The John Hope Franklin Center for Reconciliation (the “JHF Center”) cordially invites you to submit a session presentation proposal for its eleventh annual Reconciliation in America National Virtual Symposium, “Reconciliation and Technology:  Neutral Resources for Social Good.”    As part of the scholarship goal of the Center, the Annual Symposium creates new knowledge in areas of Reconciliation to advance equality, racial justice, and social harmony.  Civic engagement as Reconciliation, our focal point for the Center’s 2020 programs and discussions, unites us as change agents, researchers of effective practices, and peacemakers in the intentional journey of reconciliation.  By convening global scholars and practitioners, the John Hope Franklin Center hopes to promote a dialogue among those who work to bridge societal divides.


We invite educators, sociologists, anthropologists, psychologists, scientists, artists, cultural workers, peacebuilders, students, policy makers, and the community to participate in the JHF Center 2020 Symposium events.  We will consider the ideas and questions presented and immerse ourselves in this vital inquiry of “Reconciliation and Technology: Neutral Resources for Social Good.” 

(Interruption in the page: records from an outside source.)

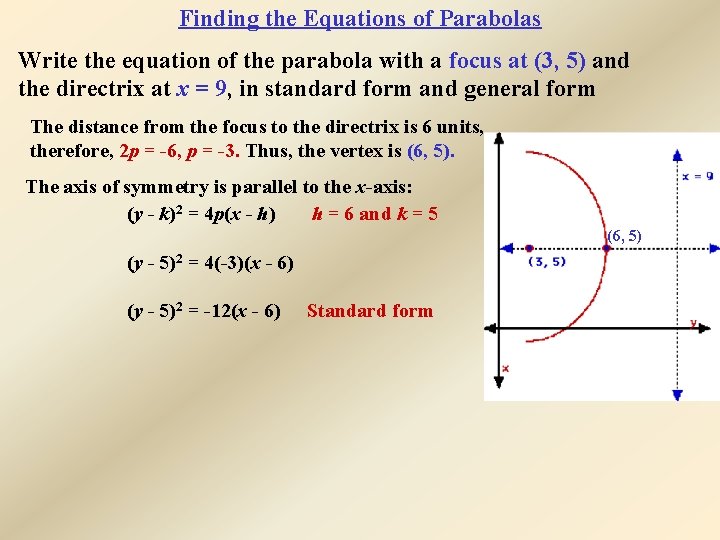 Finding the Equations of Parabolas Write the equation of the parabola with a focus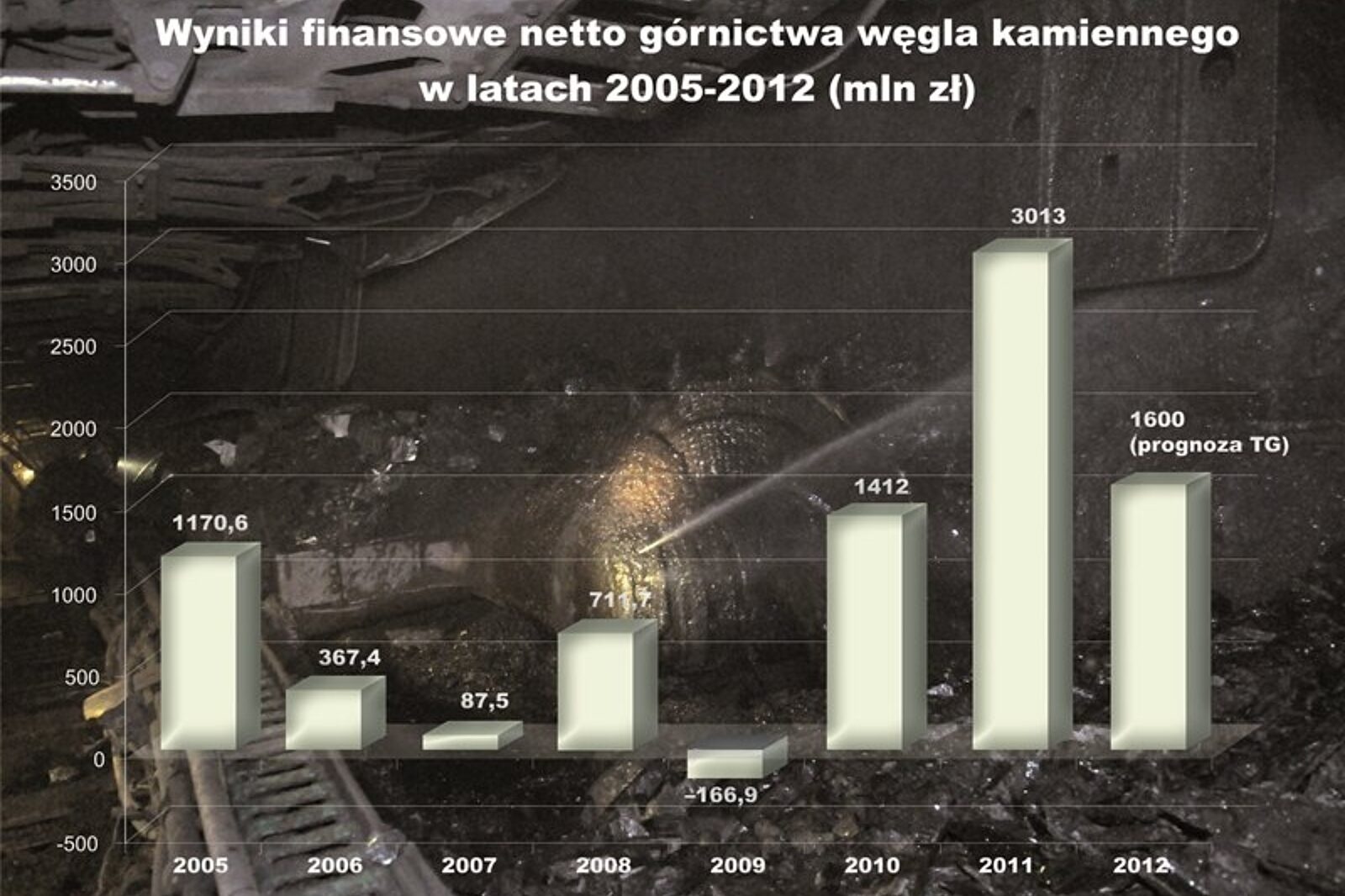 1361013132 wyniki gornictwa 2012 kp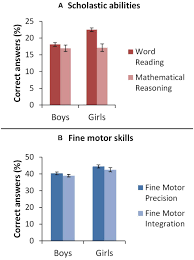 Consistently uses the assisting hand to stabilize paper. Frontiers Fine Motor Skills Predict Maths Ability Better Than They Predict Reading Ability In The Early Primary School Years Psychology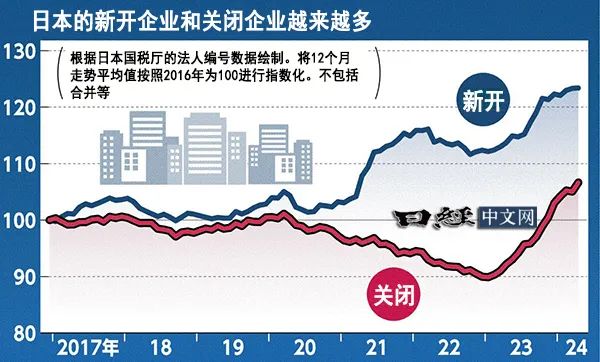日本经济重燃！投资机会你Get了吗？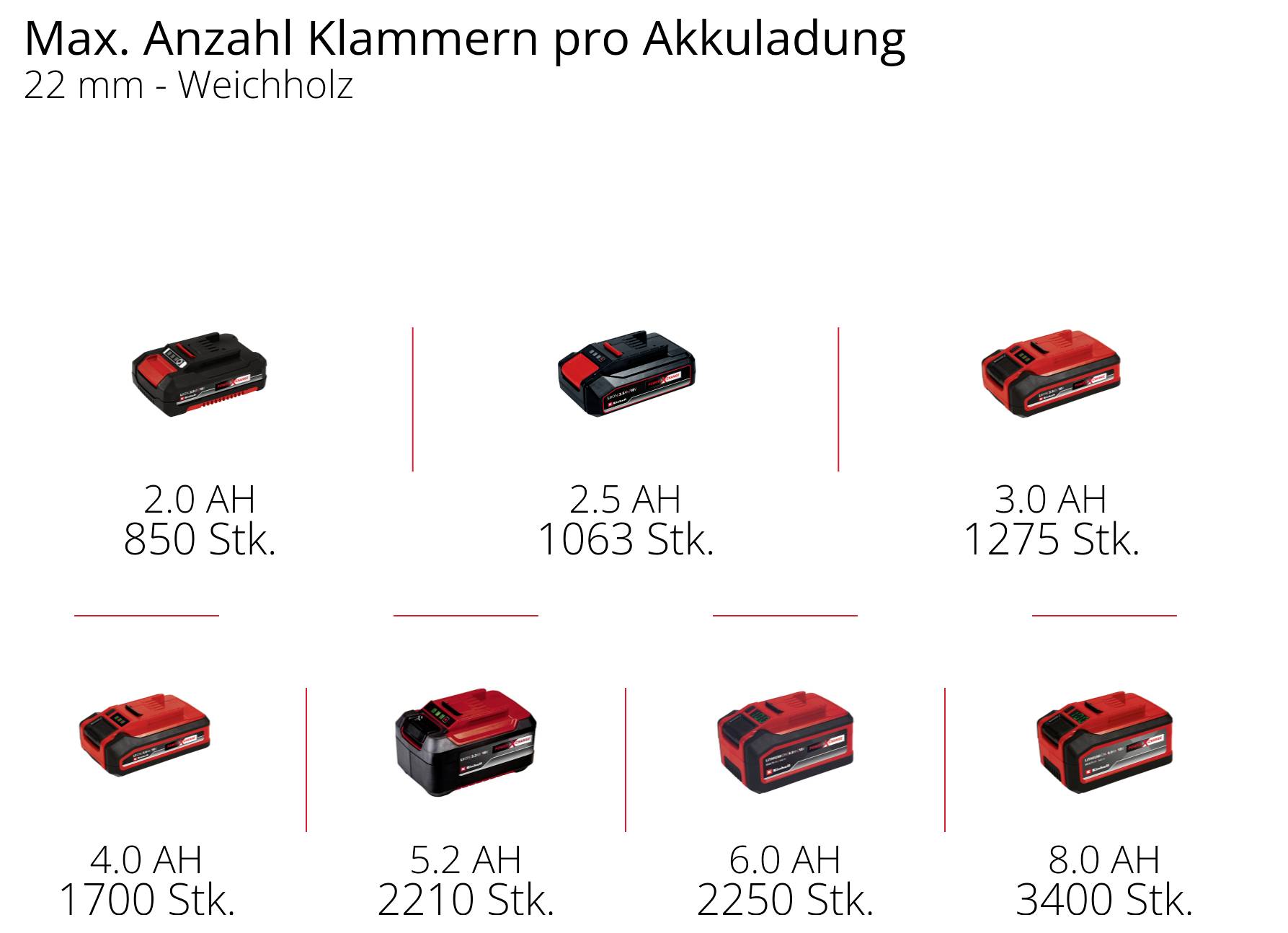 Balkendiagramm 'Max. Anzahl Klammern pro Akkuladung' für 22 mm-Weichholz: 2,0 Ah 850, 2,5 Ah 1063, 3,0 Ah 1275, 4,0 Ah 1700, 5,2 Ah 2210, 6,0 Ah 2250, 8,0 Ah 3400 Stück.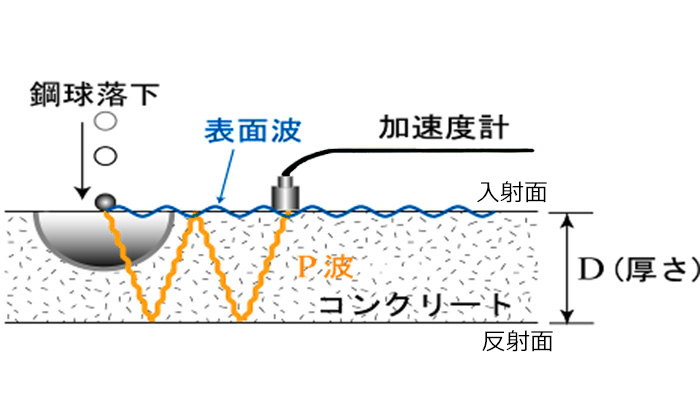 コンクリートの部材厚さの測定の概念図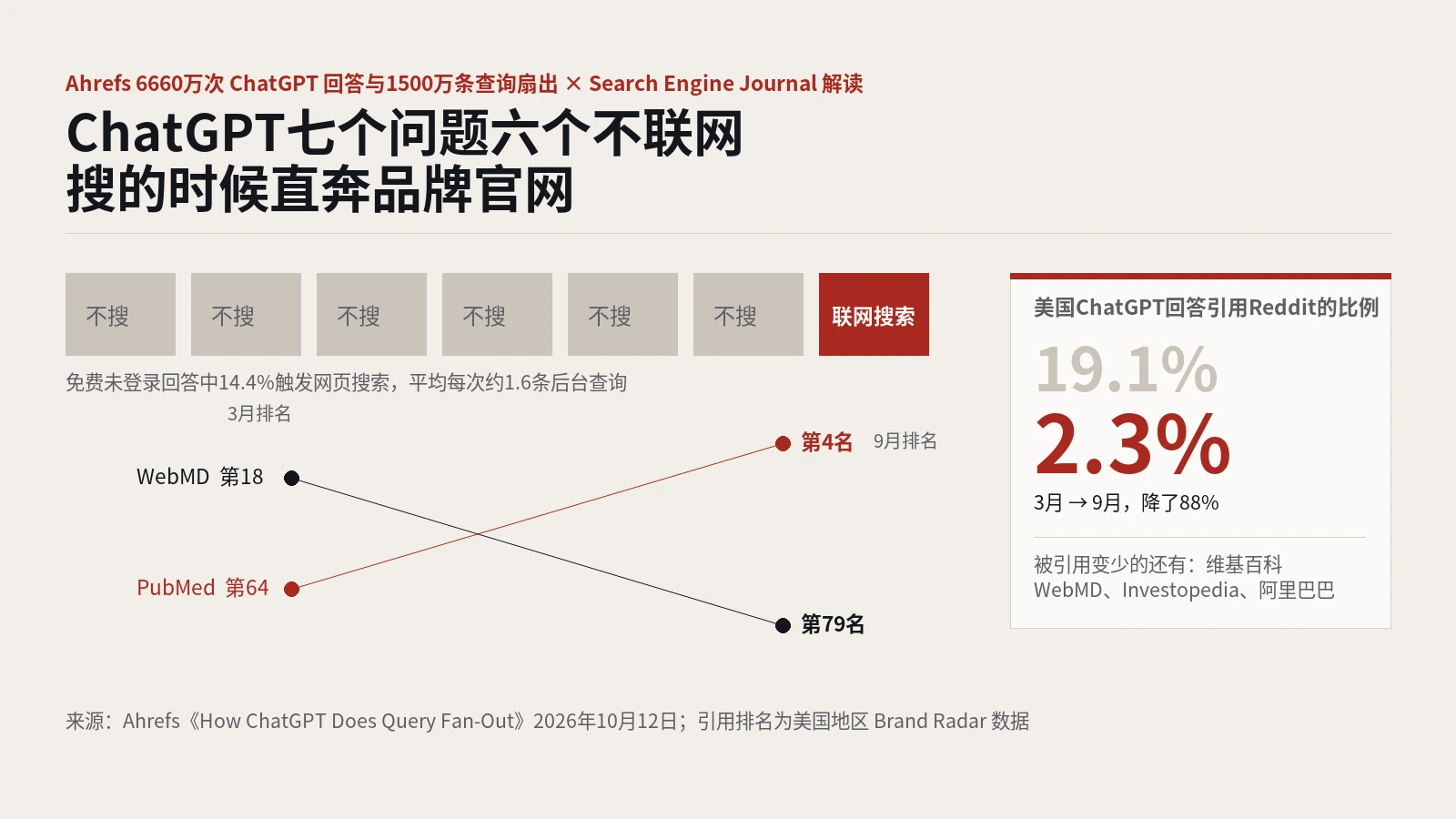 ChatGPT免费版85.6%的回答不联网，搜的时候直奔品牌官网：Ahrefs查询扇出研究解读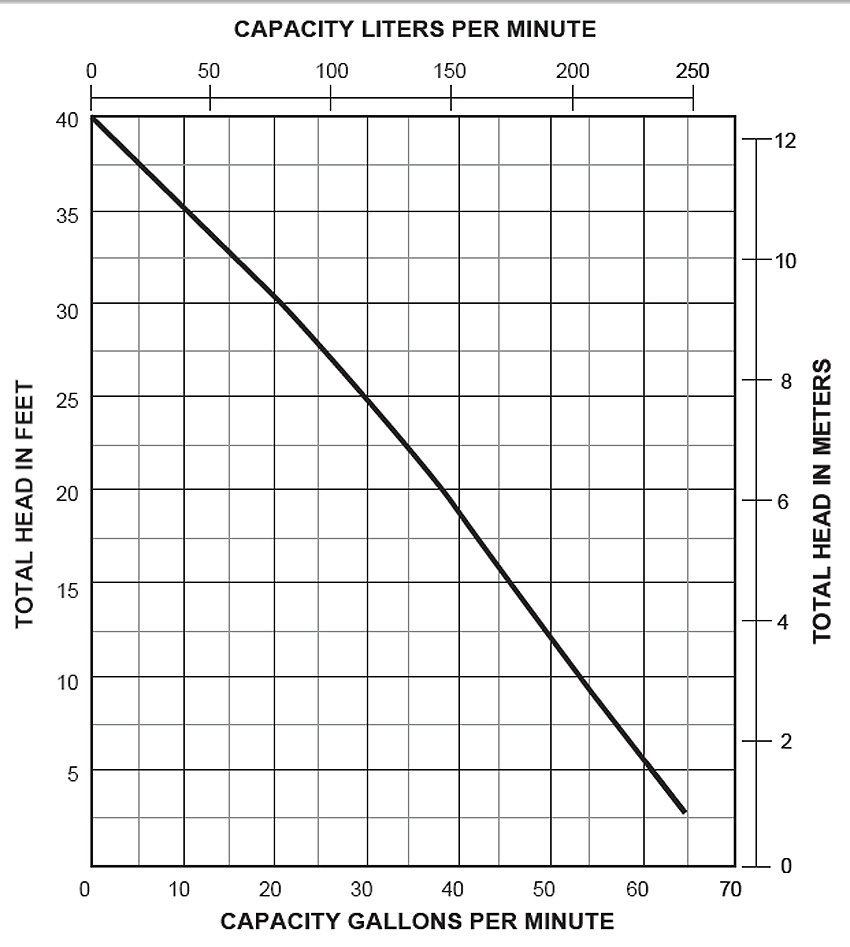 PerformanceCurves_4/10 HP Cast Iron Submersible Effluent Pump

Proposals for concurrent sessions may feature a single presenter, multiple presenters (3 maximum), or a moderated panel discussion. (Time allotment:  50 minutes)


The JHF Center encourages sharing ideas and working in dynamic ways.  Session topics will relate to the symposium theme; creativity is encouraged.  All sessions must include interaction among presenters and participants and time for questions and answers.



Session Strands focusing on Reconciliation and Technology through 

  • Race/Culture

  • Religion/Politics

  • Children and Youth

  • Reconciliation 101

Please submit your Symposium Session proposal by Friday, January 3, 2020


Call for presentation submissions will be reviewed and scored using the following criteria:

  • Relevance to conference theme

  • Potential interest to audience

  • Evidence-based / Best practice guidelines

  • Presenter’s experience, credentials, and presentation history

  • Completeness and quality of required materials

  • Incorporation of audience participation


In submitting a proposal, I understand that I am agreeing to the following on behalf of all individuals participating in this presentation:

  • Register for the conference by the early-bird deadline; the discounted early-bird price for presenters is $135.00.

  • Participate in the conference at the time scheduled by the conference committee.

  • Cover travel-related costs, including meals not included with the conference; lodging and airfare are the responsibility of presenter(s).

  • Grant permission for the presentation to be recorded (audio and/or video), photographed, and used in social media and other conference related summaries and promotion.

  • Submit a copy of presentation and/or a related workshop summary and supporting materials, which will be shared with conference attendees electronically – after the symposium. Materials may also be made available post-conference in PDF format via the JHF Center website.

  • Submit all handouts by March 27, 2020

  • Present within the time specified for your session, inclusive of time for questions.


You will be notified of the Conference Planning Committee’s decision by

Friday, February 3rd.


“Reconciliation” is another term that evokes varied purposes and frameworks, so we offer a starting point for interpretation, click here for an excerpt from the “Position Paper on Reconciliation” shared by the William Winter Institute, noting that reconciliation involved three ideas:


  1. First, it recognizes that racism in America is both systemic and institutionalized, with far–reaching effects on both political engagement and economic opportunities for minorities.

  2. Second, reconciliation is engendered by empowering local communities through relationship- building and truth–telling. Dialogue between individuals and groups that have been historically divided encourages action based on redressing historical wrongs.

  3. Lastly, justice is the essential component of the conciliatory process—justice that is best termed as restorative rather than retributive, while still maintaining its vital punitive character.


(Restorative justice is a theory of justice that emphasizes repairing the harm caused or revealed by criminal behavior. It is best accomplished through cooperative processes that include all stakeholders.)


While reconciliation ultimately seeks to restore what Stanley Hauerwas terms the "living tissue of connection that has been cauterized," it does not simply deign to "forgive and forget," eschewing the responsibilities and culpability of both perpetrators of historical wrongs and those who continue to benefit from the cyclical nature of oppression.


So while reconciliation is often a dialogue surrounding the issues of race, tangential and inseparable issues surrounding poverty, mental health, gender, age, and a myriad of other systemic inequities rely on the line of human consideration that the topic of reconciliation and race encompass.